LAY, Chief Judge, and McMILLIAN, Circuit Judge, join in this concurring and dissenting opinion.

. Such unauthorized repossession is ineffective to empower the lessor to consent to a police seizure, absent evidence of abandonment by the lessee. See Drummond v. United States, 350 F.2d 983, 989 (8th Cir. 1965), cert. denied, 384 U.S. 944, 86 S.Ct. 1469, 16 L.Ed.2d 542 (1966); United States v. Wilson, 472 F.2d 901 (9th Cir.), cert. denied, 414 U.S. 868, 94 S.Ct. 176, 38 L.Ed.2d 116 (1973); Eisentrager v. Hocker, 450 F.2d 490 (9th Cir. 1971).

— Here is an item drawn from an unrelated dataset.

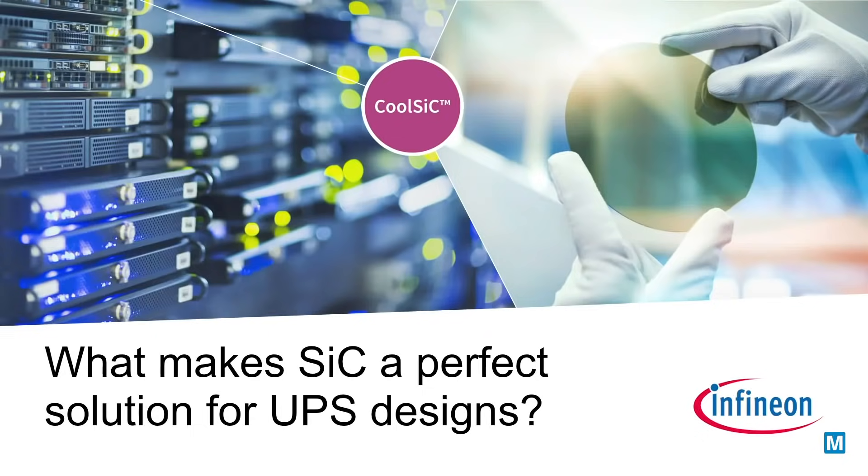Hi, my name is Laura Koiper. I'm a Product Marketing Manager at Infineon Technologies. What makes SiC a perfect solution for UPS designs?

. The majority acknowledges that the plain view exception does not apply here. Ante at 686. Furthermore, it is clear that requiring a warrant on these facts would not impose an undue burden upon the police. Cf. United States v. Bomengo, 580 F.2d 173 (5th Cir. 1978), cert. denied, 439 U.S. 1117, 99 S.Ct. 1022, 59 L.Ed.2d 175 (1979) (after viewing illegal gun silencers uncovered by a prior private search, the police obtained a warrant before seizing the items).